Trois personnalités camerounaises, dont un ex-ministre, ont été écrouées à Yaoundé pour malversations financières présumées dans le cadre de l’opération anti-corrpution “Epervier”, a indiqué jeudi à l’AFP une source judiciaire.

Louis Max Ohandja, ex-secrétaire d’Etat auprès du ministre des Travaux publics, chargé des routes, Jean William Sollo, ancien patron d’une société publique et Bruno Bekolo Ebe, ex-recteur de l’université de Douala, ont été placés mercredi soir en détention provisoire à Kondengui, la prison centrale de Yaoundé, a précisé cette source.

“Il leur est reproché des malversations financières, mais les montants ne seront connus qu’au terme des informations judiciaires qui seront ouvertes”, a expliqué un responsable du Tribunal criminal spécial (TCS), organe judiciaire qui a inculpé les trois personnalités.
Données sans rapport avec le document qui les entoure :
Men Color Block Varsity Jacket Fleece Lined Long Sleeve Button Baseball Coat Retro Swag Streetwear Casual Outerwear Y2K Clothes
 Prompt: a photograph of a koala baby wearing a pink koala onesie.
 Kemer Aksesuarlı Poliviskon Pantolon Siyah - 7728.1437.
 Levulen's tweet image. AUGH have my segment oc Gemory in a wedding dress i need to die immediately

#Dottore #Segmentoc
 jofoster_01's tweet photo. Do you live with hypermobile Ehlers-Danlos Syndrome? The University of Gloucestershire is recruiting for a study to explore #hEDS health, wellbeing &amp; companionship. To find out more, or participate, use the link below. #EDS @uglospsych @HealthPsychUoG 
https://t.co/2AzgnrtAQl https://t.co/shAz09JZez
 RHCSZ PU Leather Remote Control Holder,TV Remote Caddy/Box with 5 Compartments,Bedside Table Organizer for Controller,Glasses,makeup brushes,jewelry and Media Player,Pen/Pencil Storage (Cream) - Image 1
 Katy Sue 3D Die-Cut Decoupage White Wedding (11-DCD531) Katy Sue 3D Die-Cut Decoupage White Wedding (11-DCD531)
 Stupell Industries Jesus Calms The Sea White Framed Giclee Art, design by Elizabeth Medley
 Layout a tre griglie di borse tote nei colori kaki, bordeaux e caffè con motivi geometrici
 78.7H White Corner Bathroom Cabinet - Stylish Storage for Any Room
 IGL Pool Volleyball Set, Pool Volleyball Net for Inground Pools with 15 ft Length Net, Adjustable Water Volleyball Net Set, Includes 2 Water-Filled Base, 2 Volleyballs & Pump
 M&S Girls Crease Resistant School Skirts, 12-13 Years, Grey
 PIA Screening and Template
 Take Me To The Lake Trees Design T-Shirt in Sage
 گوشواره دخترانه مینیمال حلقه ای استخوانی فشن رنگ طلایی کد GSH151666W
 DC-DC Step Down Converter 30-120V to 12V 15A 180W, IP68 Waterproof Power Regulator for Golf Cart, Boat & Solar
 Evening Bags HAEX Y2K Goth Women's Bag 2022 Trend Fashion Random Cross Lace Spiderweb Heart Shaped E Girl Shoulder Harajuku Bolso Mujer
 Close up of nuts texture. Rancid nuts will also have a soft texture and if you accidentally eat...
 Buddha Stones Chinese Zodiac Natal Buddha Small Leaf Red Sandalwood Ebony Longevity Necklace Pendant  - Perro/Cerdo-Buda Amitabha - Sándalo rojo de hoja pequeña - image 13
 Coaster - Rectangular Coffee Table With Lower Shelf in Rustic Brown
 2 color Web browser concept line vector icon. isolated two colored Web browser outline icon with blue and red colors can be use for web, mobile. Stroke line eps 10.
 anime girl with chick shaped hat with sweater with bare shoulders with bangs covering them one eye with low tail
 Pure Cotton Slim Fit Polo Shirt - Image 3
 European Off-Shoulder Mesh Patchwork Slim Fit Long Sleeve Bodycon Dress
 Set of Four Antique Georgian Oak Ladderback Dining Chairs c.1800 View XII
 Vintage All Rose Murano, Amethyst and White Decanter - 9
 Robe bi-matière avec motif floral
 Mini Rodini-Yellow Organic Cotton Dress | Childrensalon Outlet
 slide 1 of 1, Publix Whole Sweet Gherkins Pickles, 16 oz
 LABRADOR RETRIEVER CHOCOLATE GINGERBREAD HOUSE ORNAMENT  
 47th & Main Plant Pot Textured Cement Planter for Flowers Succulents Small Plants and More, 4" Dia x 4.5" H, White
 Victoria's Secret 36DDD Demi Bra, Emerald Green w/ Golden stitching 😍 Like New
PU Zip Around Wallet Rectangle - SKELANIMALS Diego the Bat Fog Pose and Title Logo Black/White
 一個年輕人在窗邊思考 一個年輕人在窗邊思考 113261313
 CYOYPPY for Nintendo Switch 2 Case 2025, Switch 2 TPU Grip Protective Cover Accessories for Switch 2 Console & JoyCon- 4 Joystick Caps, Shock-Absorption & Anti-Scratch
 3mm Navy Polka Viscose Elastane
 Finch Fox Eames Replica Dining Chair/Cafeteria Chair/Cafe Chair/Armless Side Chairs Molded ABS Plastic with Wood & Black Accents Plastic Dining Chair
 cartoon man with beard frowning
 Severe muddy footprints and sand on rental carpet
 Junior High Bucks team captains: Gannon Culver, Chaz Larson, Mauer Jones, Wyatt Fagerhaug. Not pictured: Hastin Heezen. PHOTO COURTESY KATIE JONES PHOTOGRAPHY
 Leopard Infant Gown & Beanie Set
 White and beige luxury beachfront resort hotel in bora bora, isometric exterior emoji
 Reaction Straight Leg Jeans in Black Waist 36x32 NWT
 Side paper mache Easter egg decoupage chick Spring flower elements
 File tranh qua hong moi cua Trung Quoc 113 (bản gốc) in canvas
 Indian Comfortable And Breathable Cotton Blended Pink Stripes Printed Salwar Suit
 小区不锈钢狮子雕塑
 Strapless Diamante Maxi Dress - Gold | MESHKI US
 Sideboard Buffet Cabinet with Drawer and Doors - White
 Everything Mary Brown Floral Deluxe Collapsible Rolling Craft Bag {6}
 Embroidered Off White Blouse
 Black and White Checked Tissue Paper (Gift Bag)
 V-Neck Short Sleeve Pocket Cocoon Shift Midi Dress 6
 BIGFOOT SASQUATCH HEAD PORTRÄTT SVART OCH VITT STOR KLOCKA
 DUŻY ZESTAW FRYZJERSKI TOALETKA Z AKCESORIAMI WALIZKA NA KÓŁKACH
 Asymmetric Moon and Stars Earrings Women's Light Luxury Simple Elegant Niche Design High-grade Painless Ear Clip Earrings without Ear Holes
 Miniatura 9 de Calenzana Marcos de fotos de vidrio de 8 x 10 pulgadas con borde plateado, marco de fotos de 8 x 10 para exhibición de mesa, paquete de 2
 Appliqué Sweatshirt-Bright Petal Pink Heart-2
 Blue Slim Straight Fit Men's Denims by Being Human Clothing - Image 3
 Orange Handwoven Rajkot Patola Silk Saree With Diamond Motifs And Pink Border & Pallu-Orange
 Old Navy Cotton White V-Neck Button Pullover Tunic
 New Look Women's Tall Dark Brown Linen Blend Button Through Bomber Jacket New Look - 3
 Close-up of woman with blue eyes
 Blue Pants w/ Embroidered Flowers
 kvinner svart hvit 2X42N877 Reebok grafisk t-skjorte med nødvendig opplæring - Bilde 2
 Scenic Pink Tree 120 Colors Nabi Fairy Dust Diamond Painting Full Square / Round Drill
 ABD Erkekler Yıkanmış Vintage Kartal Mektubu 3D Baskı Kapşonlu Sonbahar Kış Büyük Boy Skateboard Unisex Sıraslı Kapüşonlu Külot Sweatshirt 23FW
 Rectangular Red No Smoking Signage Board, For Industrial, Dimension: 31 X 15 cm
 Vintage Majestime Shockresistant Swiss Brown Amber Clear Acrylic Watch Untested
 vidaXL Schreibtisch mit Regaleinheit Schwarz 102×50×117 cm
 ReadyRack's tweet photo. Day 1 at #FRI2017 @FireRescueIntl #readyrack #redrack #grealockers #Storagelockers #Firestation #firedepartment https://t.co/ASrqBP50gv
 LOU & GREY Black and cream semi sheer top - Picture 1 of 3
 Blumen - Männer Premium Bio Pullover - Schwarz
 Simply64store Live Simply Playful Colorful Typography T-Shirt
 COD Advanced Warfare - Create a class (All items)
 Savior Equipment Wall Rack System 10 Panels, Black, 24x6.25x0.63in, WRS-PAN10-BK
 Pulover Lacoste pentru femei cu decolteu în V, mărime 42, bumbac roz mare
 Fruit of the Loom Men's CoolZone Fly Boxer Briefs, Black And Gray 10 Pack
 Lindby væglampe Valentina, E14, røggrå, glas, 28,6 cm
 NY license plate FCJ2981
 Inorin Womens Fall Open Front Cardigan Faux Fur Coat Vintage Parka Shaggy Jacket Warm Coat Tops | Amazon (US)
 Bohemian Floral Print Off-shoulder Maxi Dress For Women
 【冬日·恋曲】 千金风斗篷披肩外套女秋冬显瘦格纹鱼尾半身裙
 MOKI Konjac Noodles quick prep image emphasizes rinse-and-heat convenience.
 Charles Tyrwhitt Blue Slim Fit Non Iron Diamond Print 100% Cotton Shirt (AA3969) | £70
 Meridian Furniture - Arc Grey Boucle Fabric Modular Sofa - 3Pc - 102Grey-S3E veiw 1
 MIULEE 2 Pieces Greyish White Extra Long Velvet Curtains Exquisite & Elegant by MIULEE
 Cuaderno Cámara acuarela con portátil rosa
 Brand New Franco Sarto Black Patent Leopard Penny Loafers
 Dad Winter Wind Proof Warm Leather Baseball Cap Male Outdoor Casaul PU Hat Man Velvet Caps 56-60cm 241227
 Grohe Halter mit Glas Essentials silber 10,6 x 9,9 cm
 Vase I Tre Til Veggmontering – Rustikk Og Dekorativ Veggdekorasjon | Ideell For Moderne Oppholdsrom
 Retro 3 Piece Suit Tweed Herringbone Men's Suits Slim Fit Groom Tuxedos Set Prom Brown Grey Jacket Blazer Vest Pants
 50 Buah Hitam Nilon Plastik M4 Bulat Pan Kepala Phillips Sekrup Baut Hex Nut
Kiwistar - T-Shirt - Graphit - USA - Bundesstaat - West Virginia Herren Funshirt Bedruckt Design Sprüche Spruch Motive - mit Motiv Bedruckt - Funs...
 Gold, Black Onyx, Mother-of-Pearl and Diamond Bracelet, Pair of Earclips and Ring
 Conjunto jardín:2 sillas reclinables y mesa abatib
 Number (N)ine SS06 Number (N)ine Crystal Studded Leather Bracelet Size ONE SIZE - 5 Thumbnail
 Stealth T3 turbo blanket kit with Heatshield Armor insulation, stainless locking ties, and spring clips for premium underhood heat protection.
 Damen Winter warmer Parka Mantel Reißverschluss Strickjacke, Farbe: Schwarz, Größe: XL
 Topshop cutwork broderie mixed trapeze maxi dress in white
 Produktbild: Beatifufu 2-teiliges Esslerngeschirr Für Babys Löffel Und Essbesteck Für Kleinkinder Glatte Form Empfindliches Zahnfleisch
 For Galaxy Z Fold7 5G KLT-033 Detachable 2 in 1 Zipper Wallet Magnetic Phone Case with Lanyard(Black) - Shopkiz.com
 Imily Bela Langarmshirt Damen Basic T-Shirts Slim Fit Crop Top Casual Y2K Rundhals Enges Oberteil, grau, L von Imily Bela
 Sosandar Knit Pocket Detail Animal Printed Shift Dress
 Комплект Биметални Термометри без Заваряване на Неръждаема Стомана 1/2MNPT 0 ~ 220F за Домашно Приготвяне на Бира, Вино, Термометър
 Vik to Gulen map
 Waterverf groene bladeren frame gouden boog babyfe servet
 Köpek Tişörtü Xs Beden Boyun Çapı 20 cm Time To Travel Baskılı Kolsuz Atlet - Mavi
M. William Sollo, selon la même source, est visé par une procédure pour un supposé détournement de fonds au sein de la Cameroon water utilities corporation (Camwater). M. Sollo a dirigé de 2012 à 2016 cette société publique qui a récemment repris à une entreprise privée le service de distribution de l’eau courante.

MM. Bekelo Ebe et Ohandja sont soupçonnés de malversations financières à l’université de Douala. En 2014, le Conseil de discipline budgétaire et financière, une cellule officielle d’enquête sur les problèmes de gouvernance au sein des administrations et des sociétés publiques, avait déclaré M. Bekolo Ebe débiteur de la somme de 2,4 milliards de FCFA (3.7 millions d’euros).

Une opération controversée
L’ex-secrétaire d’Etat auprès du ministre des Travaux publics, M. Ohandja, a été directeur d’une école professionnelle dépendant de l’université de Douala avant d‘être promu ministre.

L’opération judiciaire “Epervier” de lutte contre la corruption au Cameroun lancée en 2006 a touché de nombreux ex-patrons d’entreprises publiques et ex-ministres.

Un ex-Premier ministre, Inoni Ephraïm a été même été condamné en octobre 2013 à 20 ans de prison pour “détournement de deniers publics” de plus de 1,68 milliard de FCFA (2.56 millions d’euros).

Au Cameroun, “Epervier” suscite des controverses, beaucoup la présentant comme une opération de “purge politique”.

D’anciennes figures du régime à l’instar de Marafa Hamidou Yaya, condamné à 20 ans de prison pour “détournement de deniers publics”, estiment être victimes de règlement de compte politique.

Il a été prêté à ce puissant ex-ministre de l’Administration territoriale (Intérieur) et ancien Secrétaire général à la présidence l’intention de convoiter le fauteuil présidentiel. Il a été cité comme un successeur potentiel de Paul Biya notamment dans des télégrammes diplomatiques américains révélés quelques mois avant son arrestation.